I talk a lot about disruption and disruptive innovation. Often it is hard to tell the difference between them. To my mind there are three types of innovation that businesses commonly use.
The three types
All three types of innovation are important for the profitability of a company. I try to draw out what sort of innovation to use in different situations.
Efficiency innovation
Efficiency innovation is all about making processes and systems work better so that value is delivered in the best way possible. This often means replacing people with machines.
Sustaining innovation
Sustaining innovation is all about extending the life of a product or service. A company achieves sustaining innovation by adding features to make the product or service more valuable to the consumer. This is done so that more are sold, it performs better in a competitive market or it can be sold for a higher cost.

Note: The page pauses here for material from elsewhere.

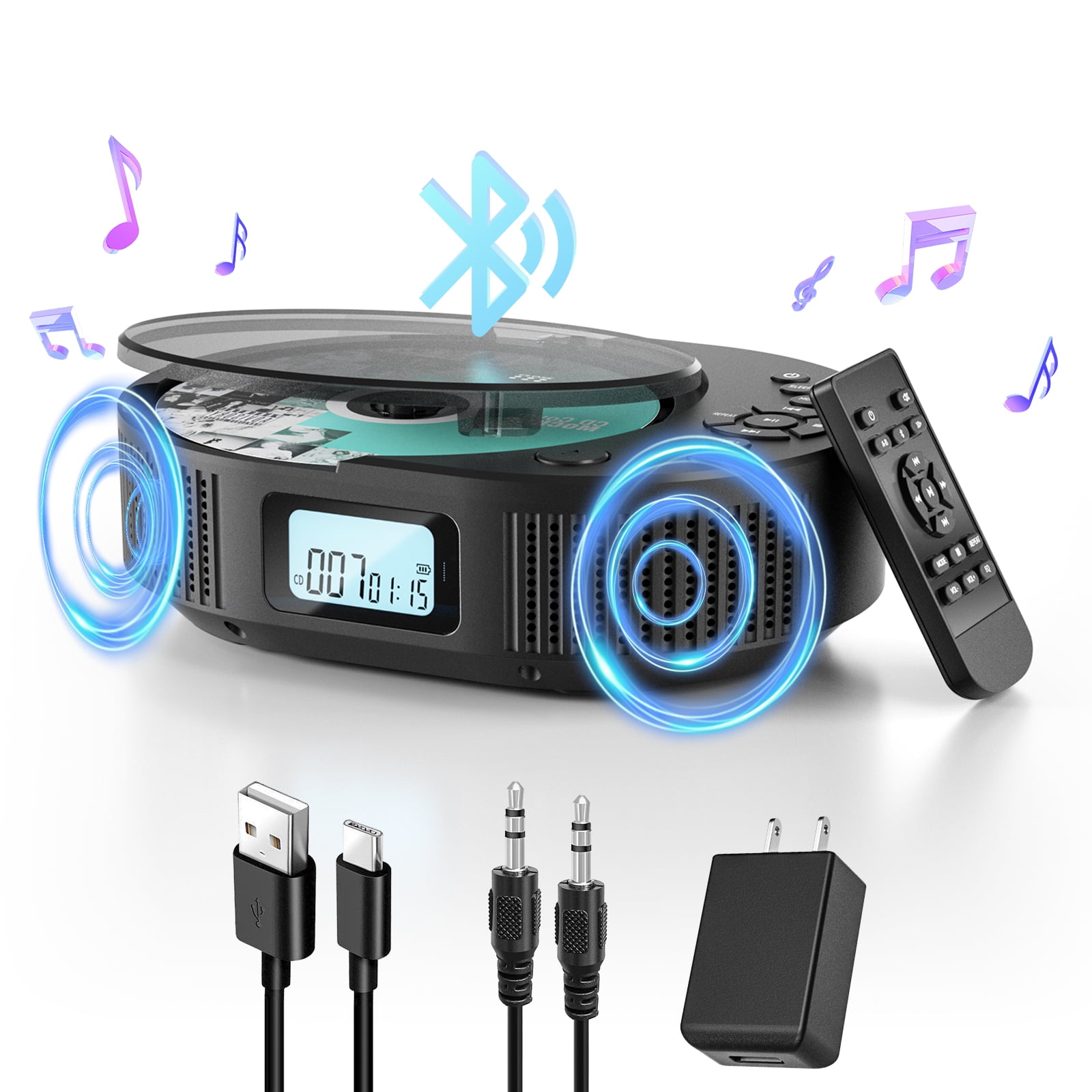 FELEMAN 2 in 1 Portable CD Player & Bluetooth Speaker, Rechargeable CD Boombox, FM Radio-Black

It is important to innovate in order to maintain growth for a company. Many companies focus on efficiency innovation because this helps profitability in the short term. Sustaining innovation is also common as it helps to maintain market share. The problem is that both of these are temporary fixes: there is a limit to efficiency. There should be a limit to new features.
Disruptive innovation
Disruptive innovation looks to create value to a different set of customers, or non-customers. Sometimes it comes from combining existing products and services in new ways to create new markets. These can be radically different and set the company on a different path, but this is not always the case. The thing that excites me is that technology today is making disruptive innovation much easier and cheaper to achieve than ever before.
I have developed the concept of Vectors of Disruption to help companies combine technology in tried and proven ways. Using Vectors of Disruption you can power all three types of innovation.
The big win is in creating market disruption. Creating a new market that did not exist before or radically changing a market. This is not new. it has always existed. In order to do it you have to focus on disruptive innovation.